The police today faced flak from the Delhi High Court for filing a “namby-pamby” status report regarding its probe into the alleged suicide of a student of Amity Law School last year.
A bench of Justices Siddharth Mridul and Najmi Waziri was displeased with the report as it did not clarify when the probe would be over, but merely saying that the investigation was at an advanced stage.
The bench also said the report was not accompanied by an affidavit as was directed by the court in its previous order of October 11.
The court directed the DCP Crime (Narcotics) to file the final report or charge sheet “positively within four weeks” and listed the matter for hearing on November 29.
“What do you mean by the probe being at an advanced stage? What is this namby-pamby status report you have filed? What is all this? It does not inspire any confidence. This is nothing,” the bench said.
The Amity Law School also came under fire after one of its lawyers asked the court whether the matter would be marked ‘part heard’, implying whether the same bench would continue to hear it as the roster of the judges would change from October 23.

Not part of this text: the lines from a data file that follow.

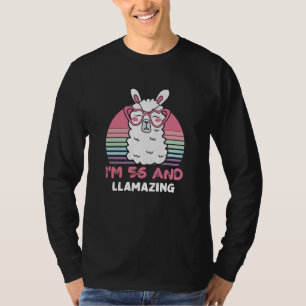 56 Year Old Bday Llamazing 56th Birthday Llama T-Shirt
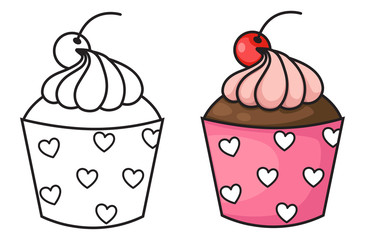cupcake vector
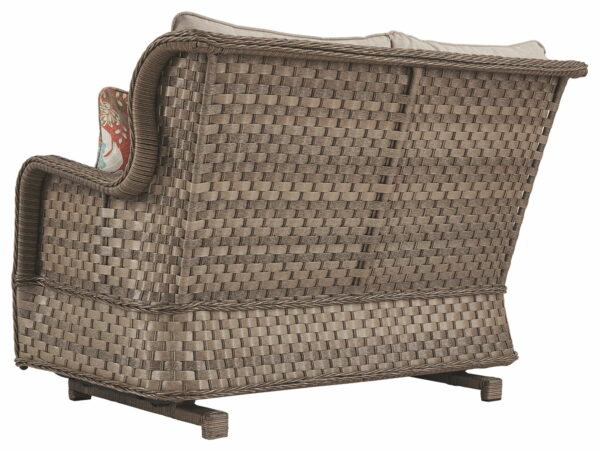 Clear Ridge - Light Brown - Loveseat Glider W/Cushion - Image 8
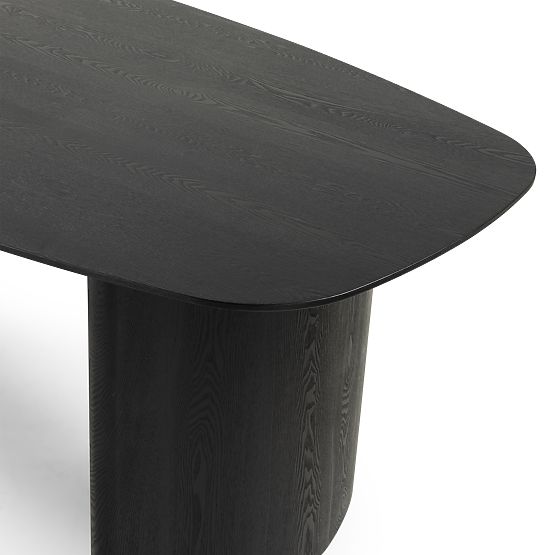 Table à manger Oriento 200 cm, ovale, placage de frêne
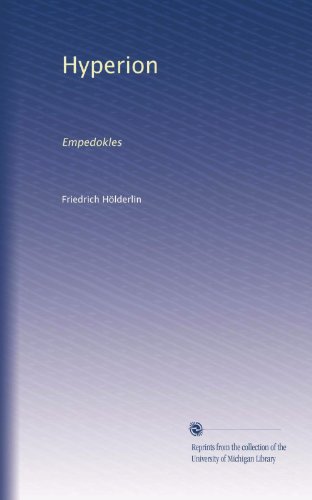 Hyperion: Empedokles (German Edition)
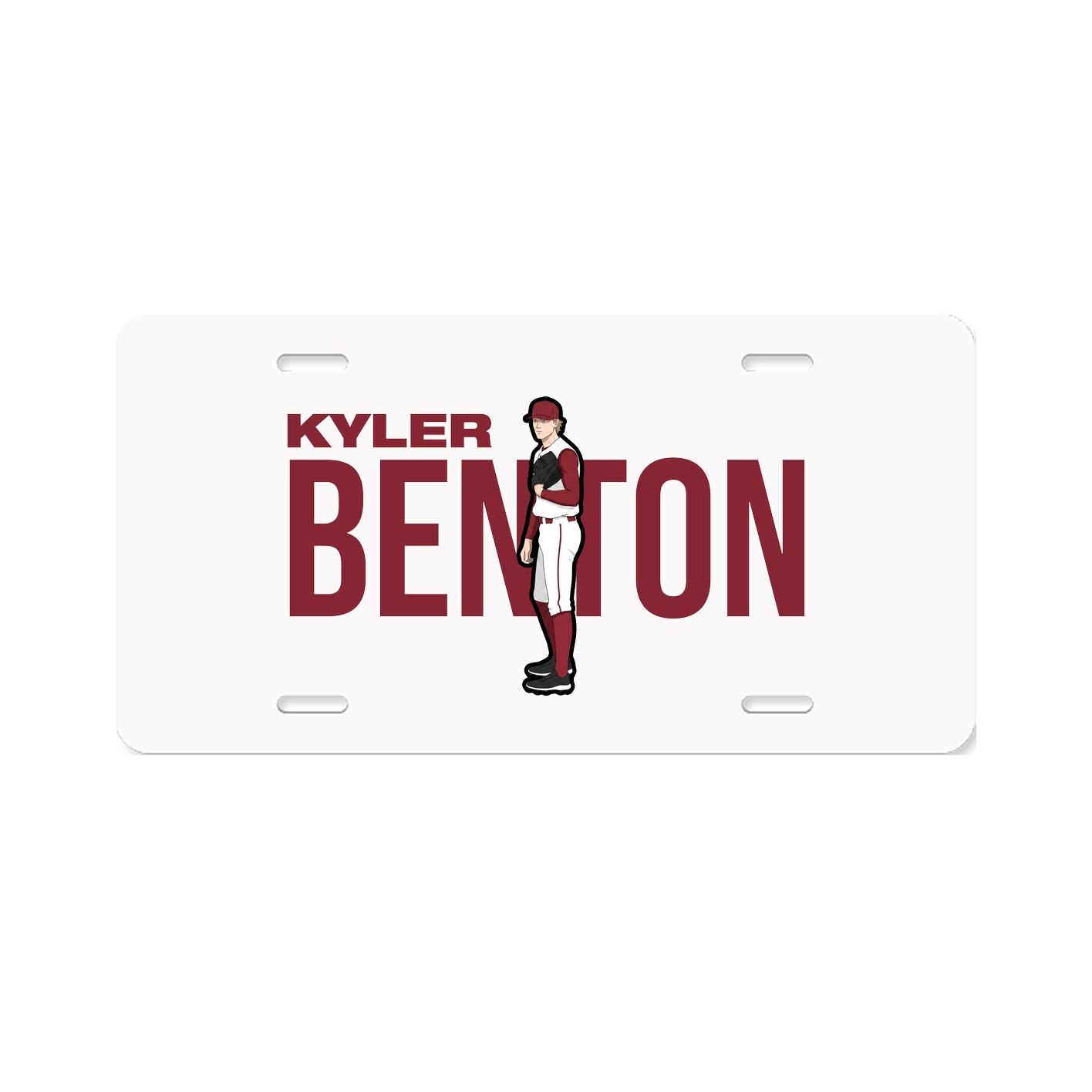 License Plate — Player Name in Classic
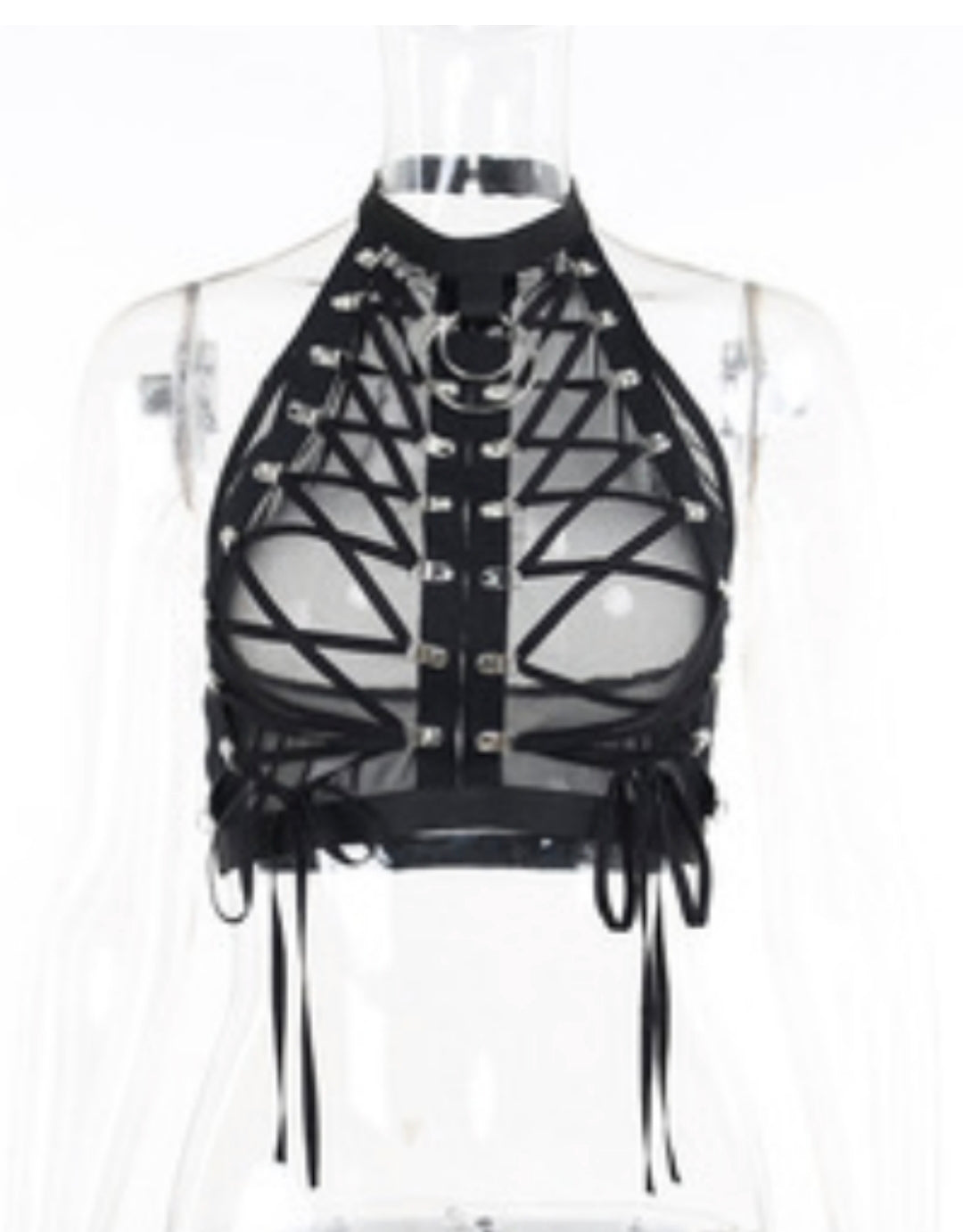 Sleeveless lace Top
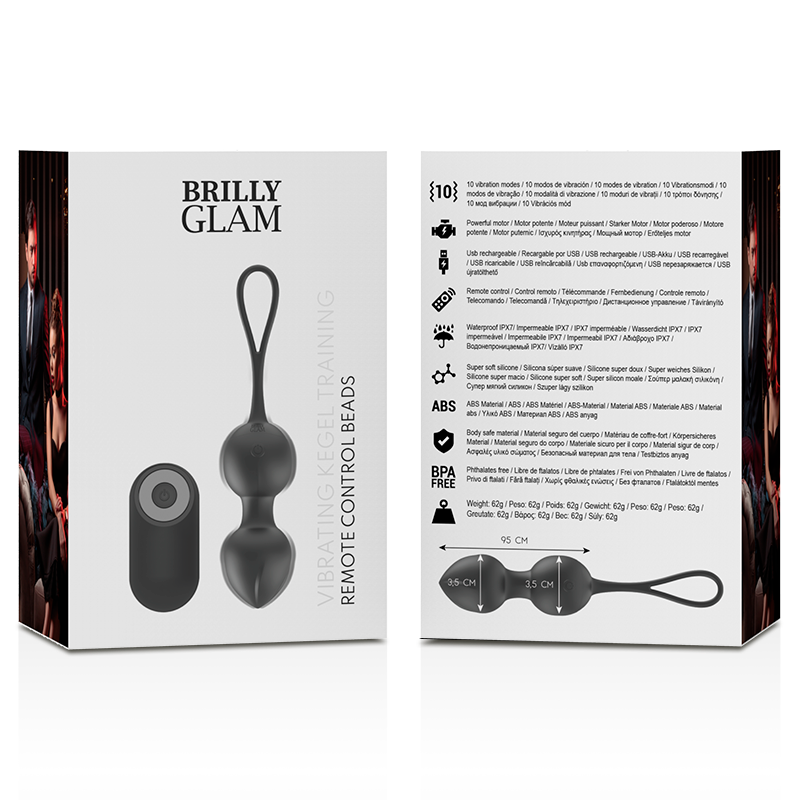 BRILLY GLAM - VIBRIERENDE KEGELPERLEN FERNBEDIENUNG – Telecomando – foto 9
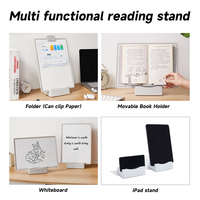 Multifunctoin Studentsbook Reading Holder Tableau blanc Utilisation double face pour l'école et le bureau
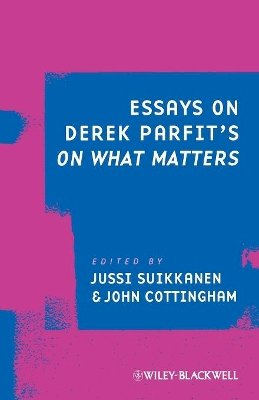 Jussi Suikkanen - Essays on Derek Parfit´s On What Matters - 9781405196987 - V9781405196987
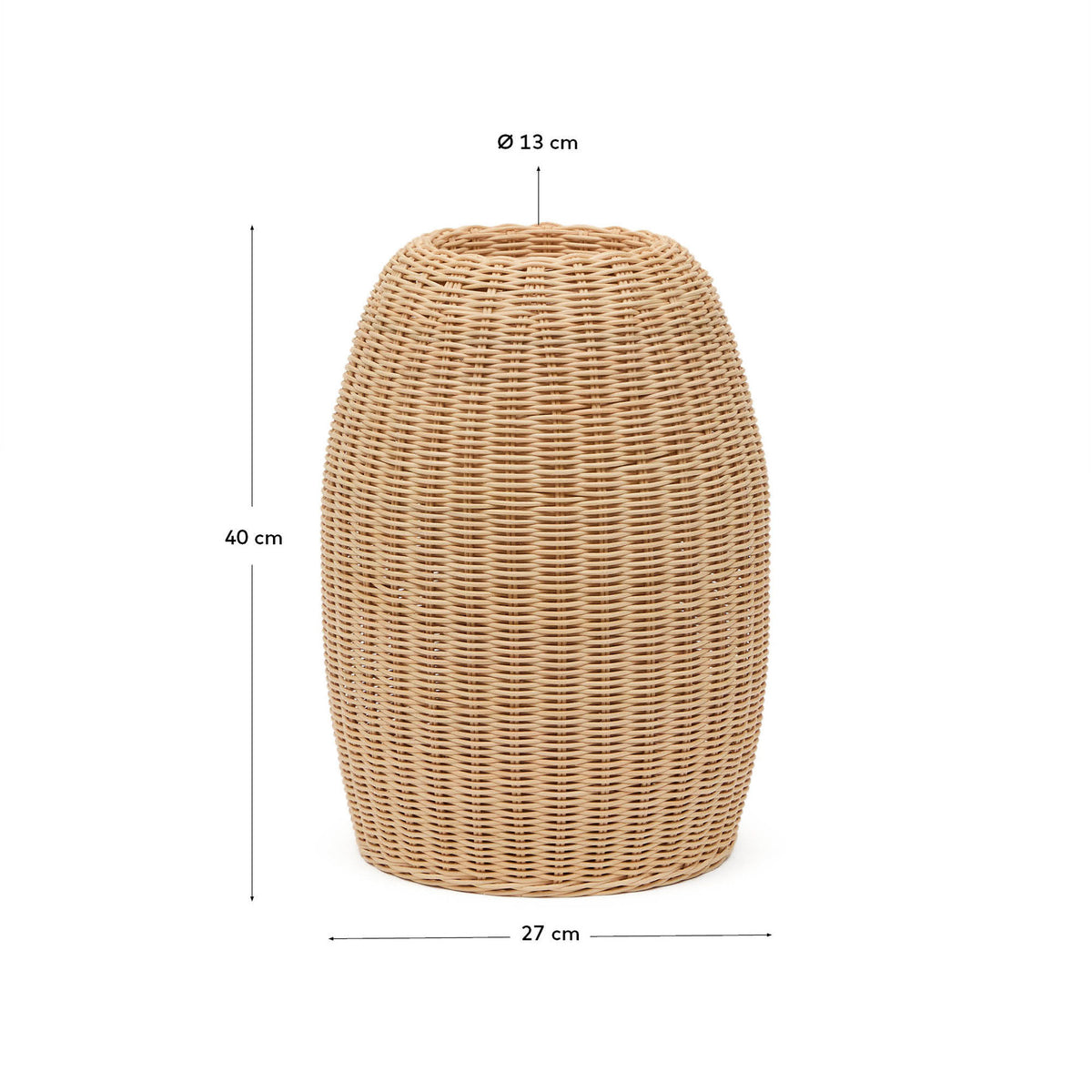 Rattanvase Zilna, 40 cm in Natur präsentiert im Onlineshop von KAQTU Design AG. Vase ist von Kave Home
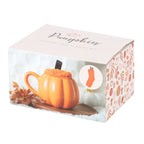 Pumpkin-Shaped Mug & Fluffy Socks Set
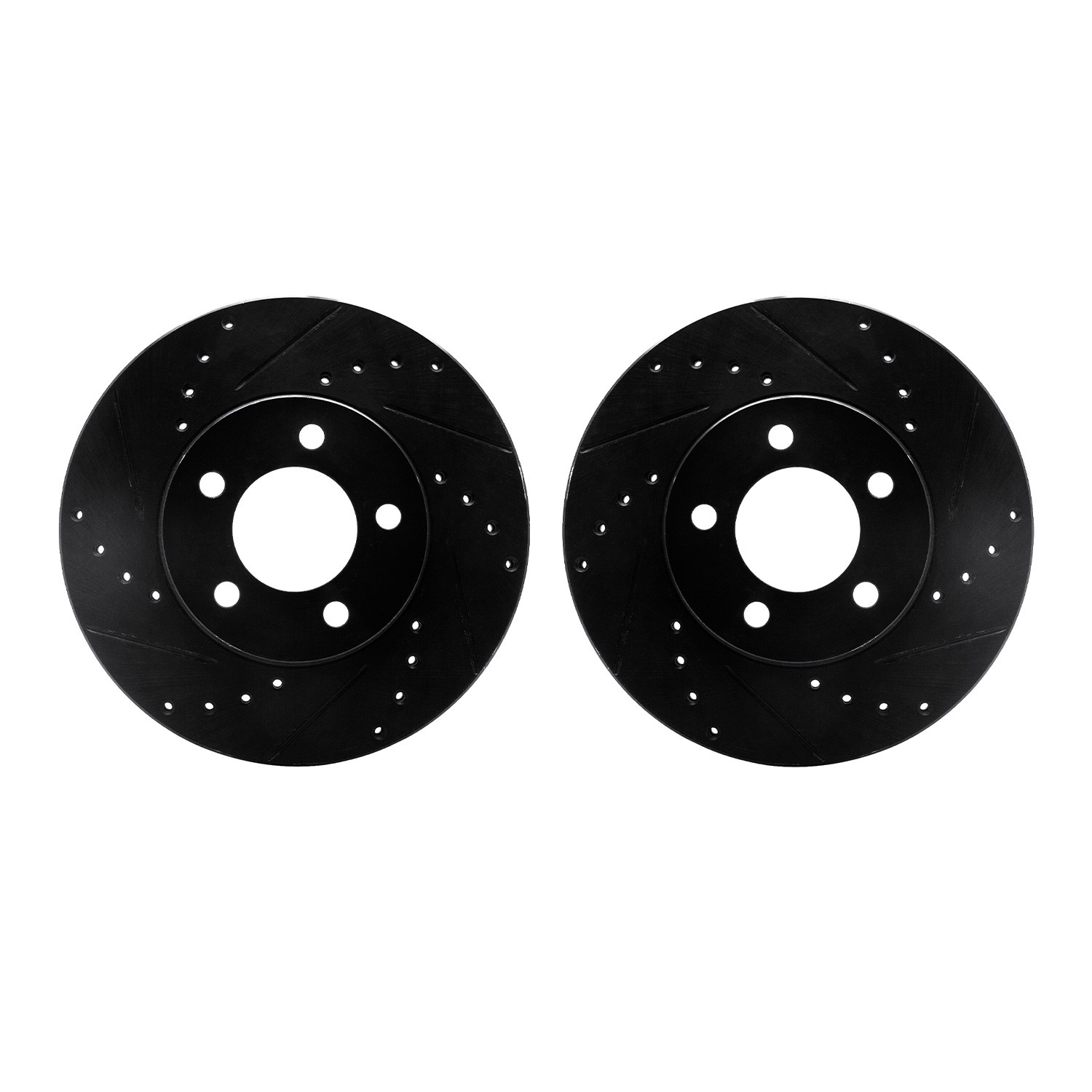 DFC Brake Rotors - Drilled & Slotted - Black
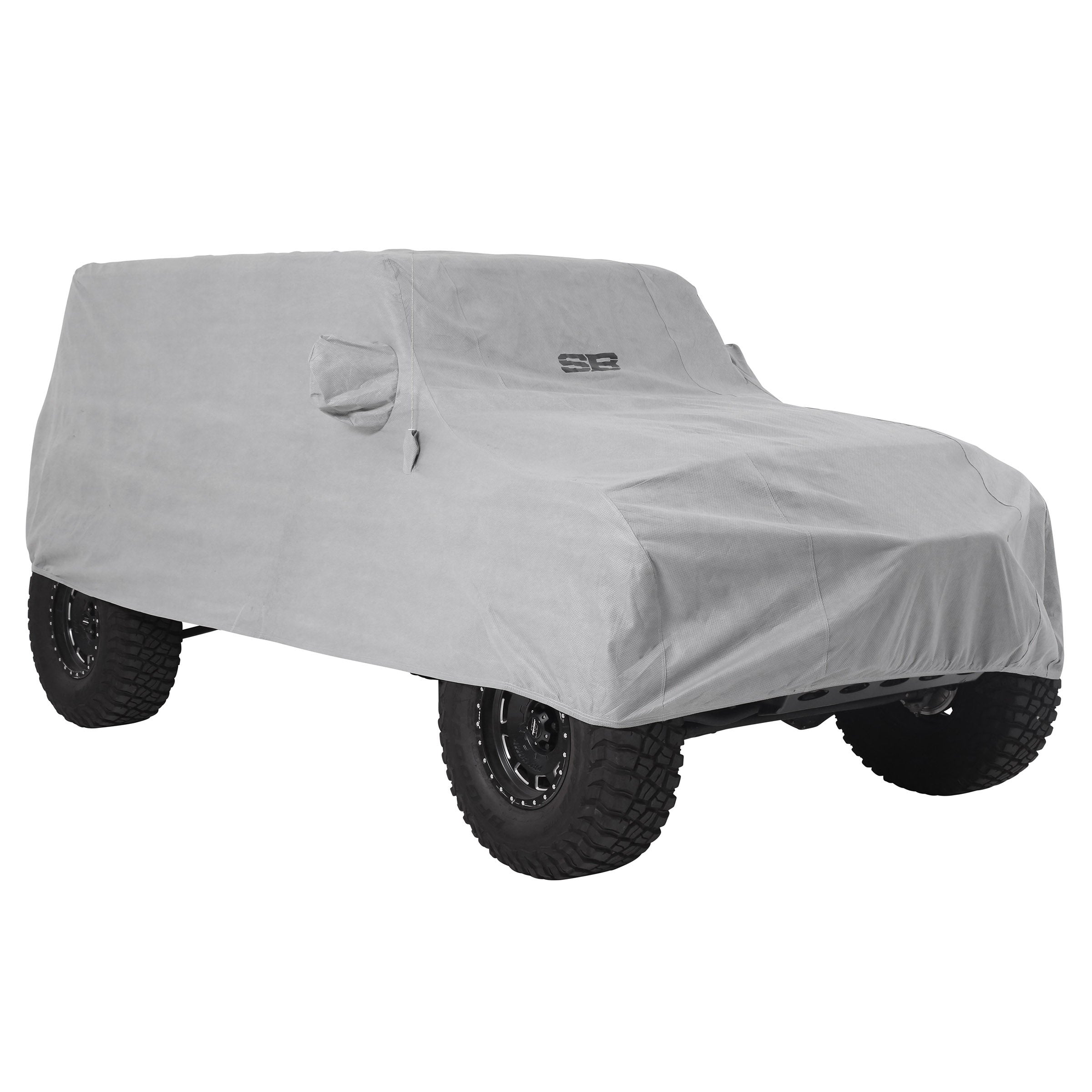 Smittybilt 2018-2025 Jeep Wrangler JL 4 Door Full Cover Gray With Lock & Cable 845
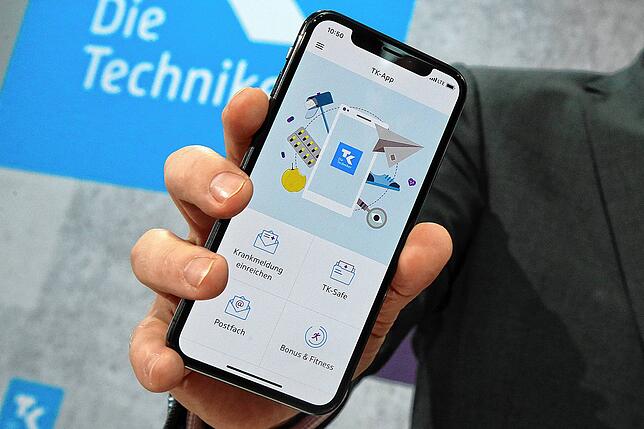 Für die elektronische Patientenakte braucht man die passende App. Diese sieht je nach Krankenkasse unterschiedlich aus.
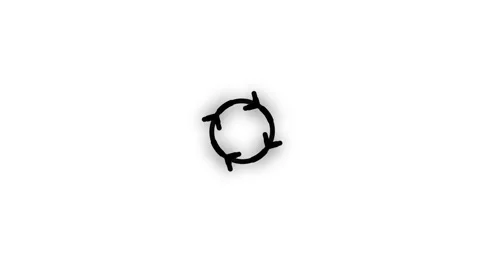 Recycling Line Icon Animation Loop White Background Video stock 340541280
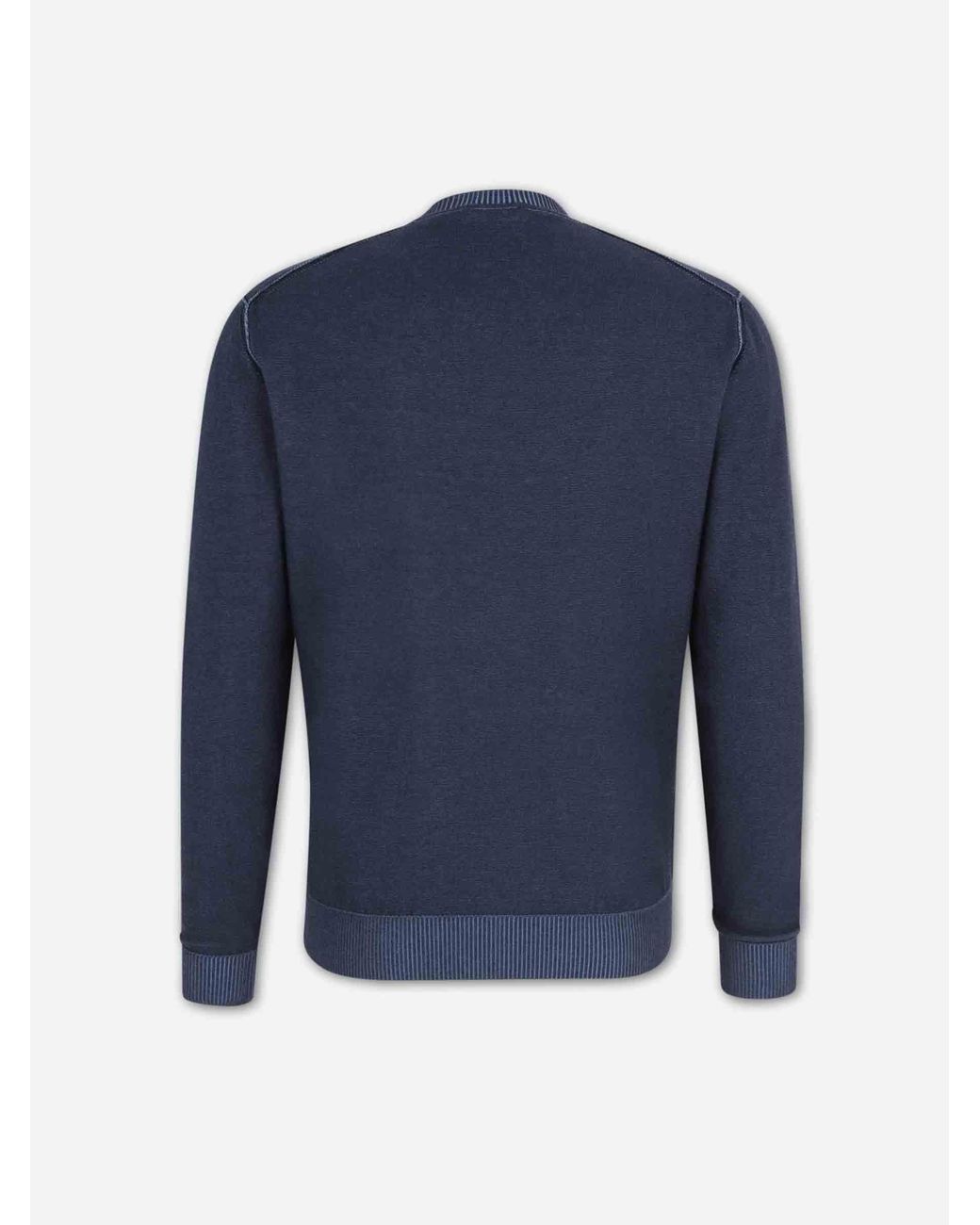 Santa Eulalia Blue Fine Knit Sweater for men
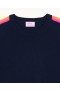 From Future Crewneck Sweater With Multicolored Stripes On The Sleeves Navy | Women Summer Knits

The court told the lawyer that if the law school wanted the matter transferred to another bench, “tell your client to summon up courage and file an application. … We will deal with it then.”
The bench further said it has been hearing the matter for over two months and it was “not going to recuse” from it.
On the last date, the court had questioned the timing of a “belated” plea filed by the law school urging the bench not to give any finding on the allegations of mental torture and harassment of the student, Sushant Rohilla. It has kept the law school’s plea pending.
The bench was hearing the plea initiated by the Supreme Court in September last year on the alleged suicide. The matter was transferred to the Delhi High Court in March.
Sushant, a third year law student of Amity, had hung himself at his home here on August 10, 2016 after the varsity allegedly barred him from sitting for the semester exams due to lack of requisite attendance. He left behind a note saying he was a failure and did not wish to live.